=== EXCERPTED RECORDS ===

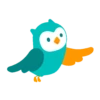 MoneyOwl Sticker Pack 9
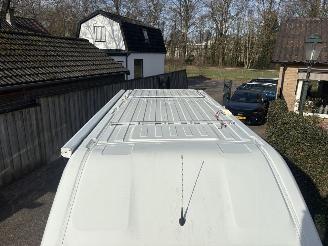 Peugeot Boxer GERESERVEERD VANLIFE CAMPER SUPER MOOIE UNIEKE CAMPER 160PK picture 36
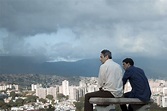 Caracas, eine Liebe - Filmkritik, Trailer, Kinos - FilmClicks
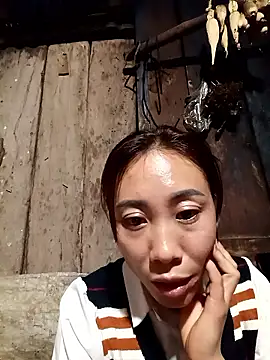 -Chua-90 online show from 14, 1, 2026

===
=== EXCERPTED RECORDS ===

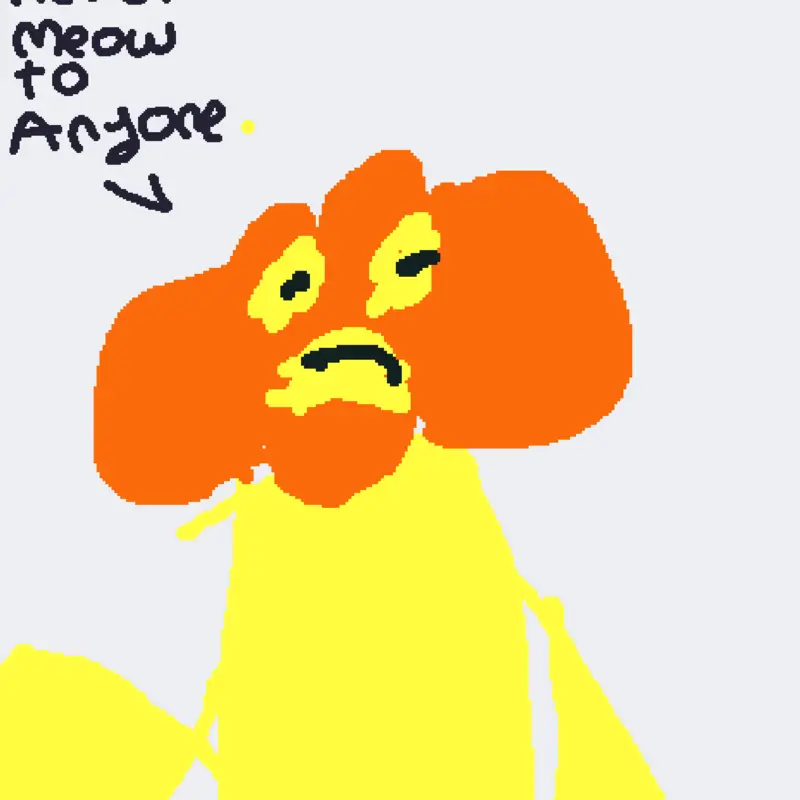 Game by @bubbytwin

===

GOAL OF THE EXERCISE: Look above for the line containing "MoneyOwl Sticker Pack 9", then write out every line from there down to the line containing "-Chua-90 online show from 14, 1, 2026", that line included, with no pictures.

RESPONSE TO THIS EXERCISE:
 MoneyOwl Sticker Pack 9
 Peugeot Boxer GERESERVEERD VANLIFE CAMPER SUPER MOOIE UNIEKE CAMPER 160PK picture 36
 Caracas, eine Liebe - Filmkritik, Trailer, Kinos - FilmClicks
 -Chua-90 online show from 14, 1, 2026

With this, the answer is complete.